*** Opening of ENTRIES PROVIDED ***

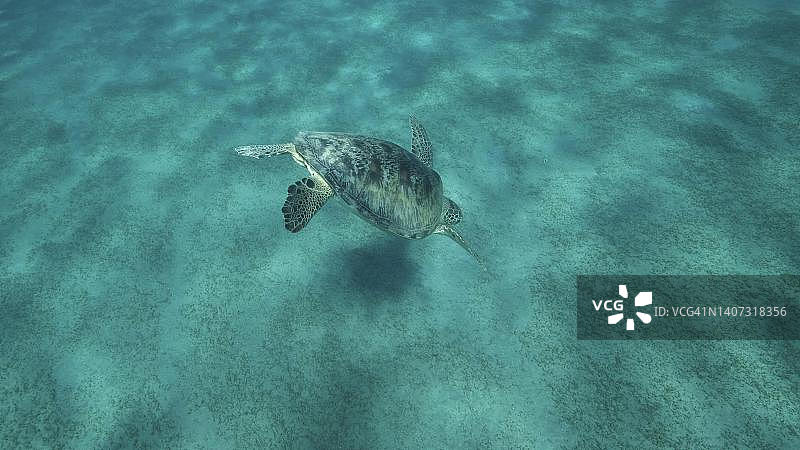 绿海龟畅游于海床上，覆盖海草图片素材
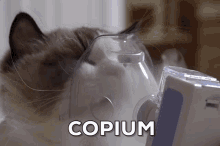 copium cat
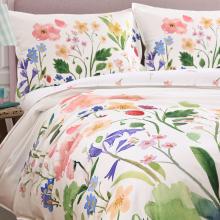 Bluebellgray Berneray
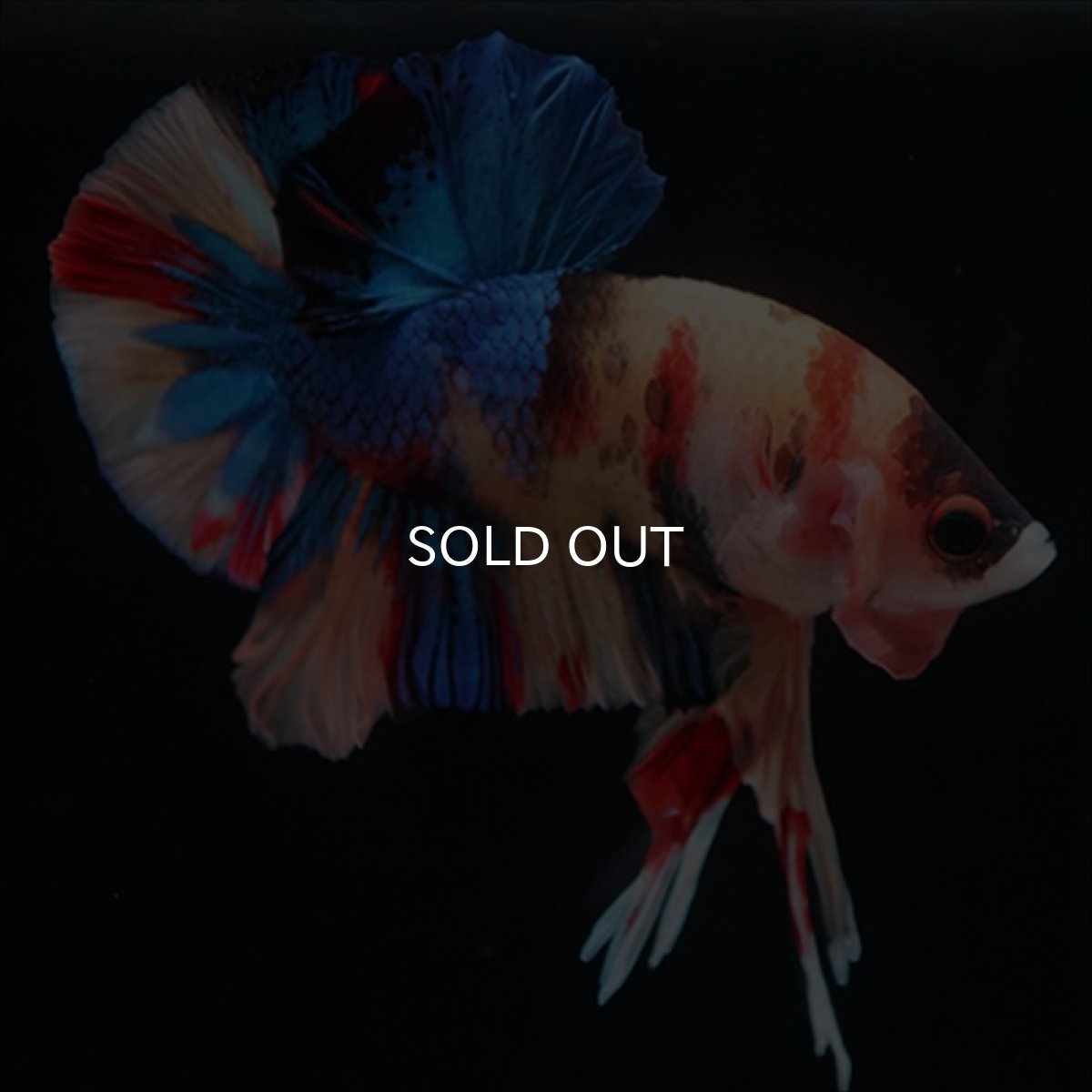 画像10: HMPK　キャンディ (10)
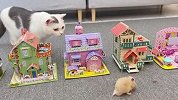 给小仓鼠四个玩具房子玩，小猫咪太羡慕了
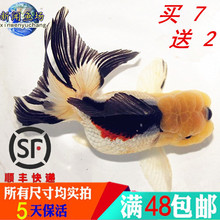 金鱼活体观赏鱼精品三色黑白水墨狮子凤高招财国粹淡水族小型冷水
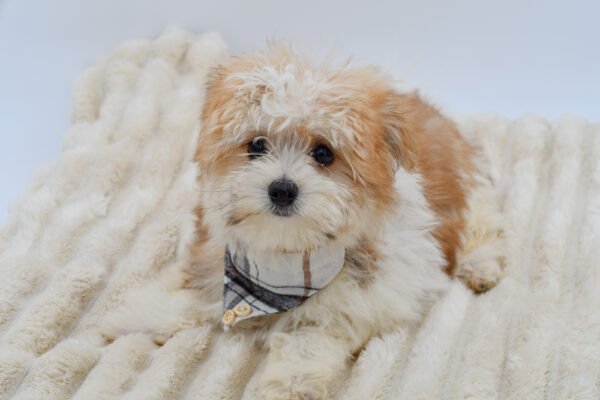 [#261899-02]  - Brown / White M Pomeranian/Maltese Puppies for Sale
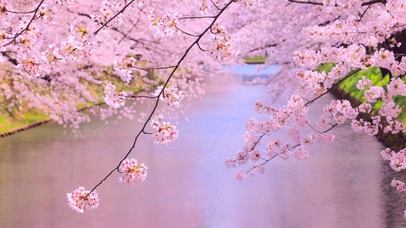 小清新河边樱花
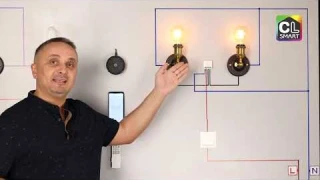 Обзор возможностей умного 2 х канального Смарт Реле CITILUX CLR02   с ним любая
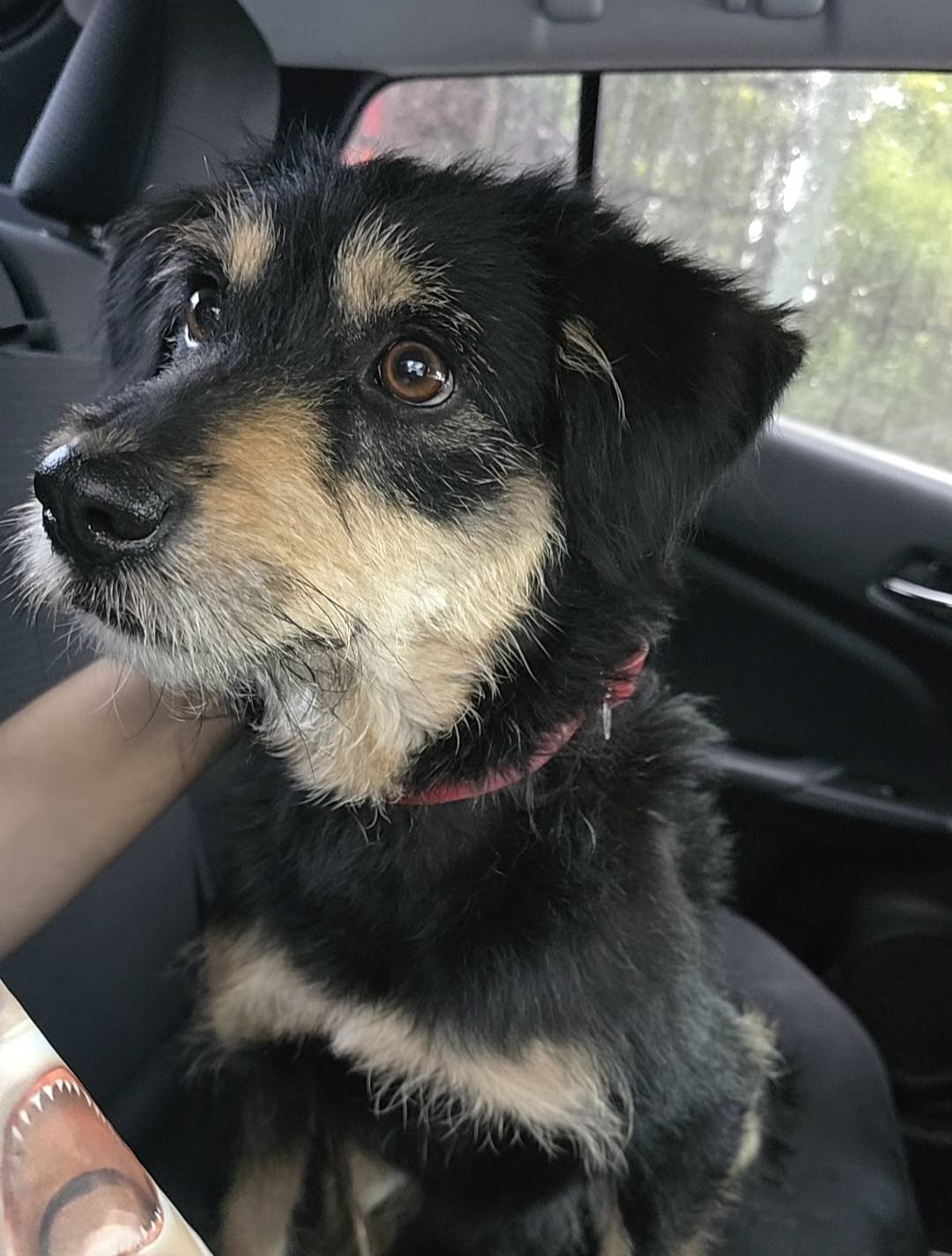 Perrito al que le robaron su cobija fue adoptado y tiene un hogar 2 508258472 1173850947787395 7250989771164447957 n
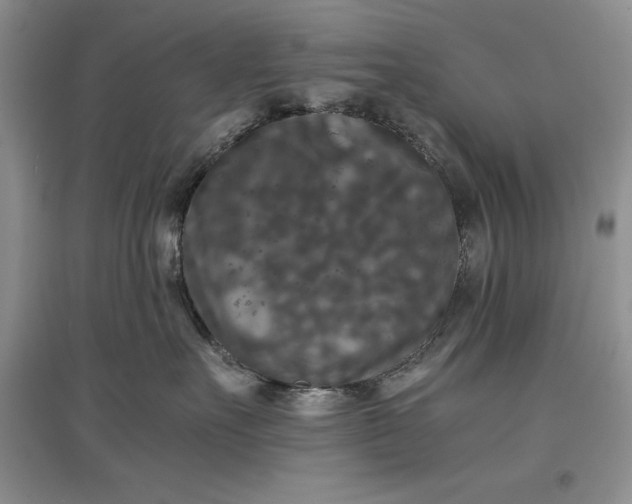X0000097600527200803141919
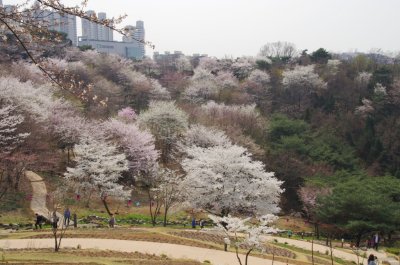 연희숲속쉼터 벚꽃마당의 봄 풍경 13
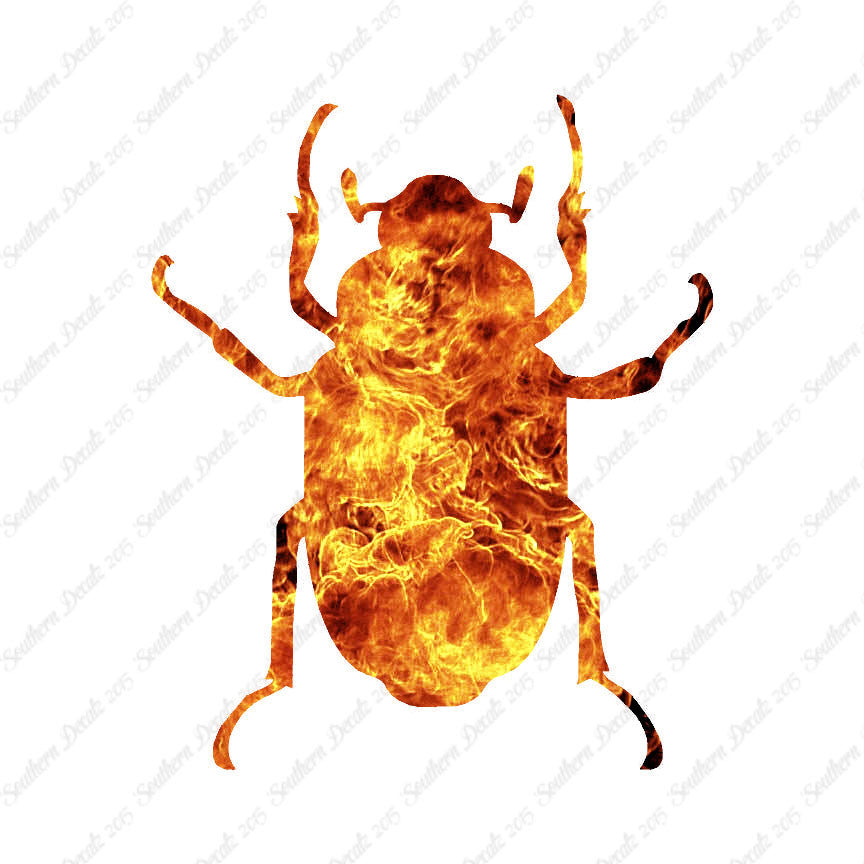 Water Beetle Junebug Insect
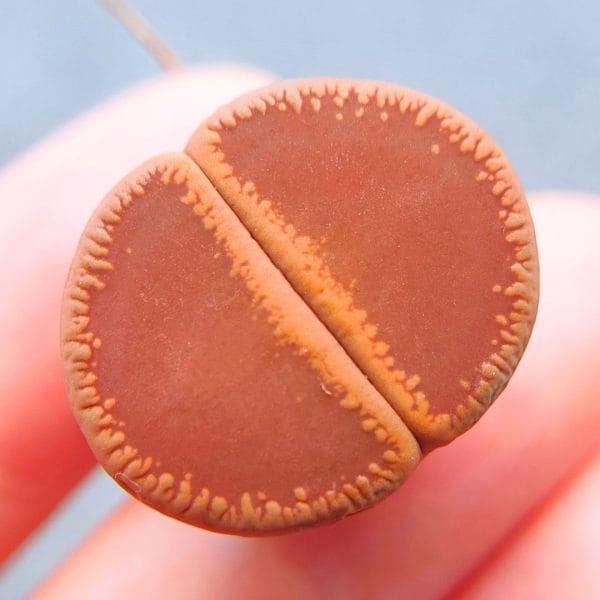 Lithops Aucampiae (2.1cm)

*** Close of ENTRIES PROVIDED ***

> EXERCISE OBJECTIVE
Retype exactly the lines above, starting at the line containing "Water Beetle Junebug Insect" and ending with the last line, both included; leave out the pictures.

> RESPONSE FOR THIS EXERCISE
 Water Beetle Junebug Insect
 Lithops Aucampiae (2.1cm)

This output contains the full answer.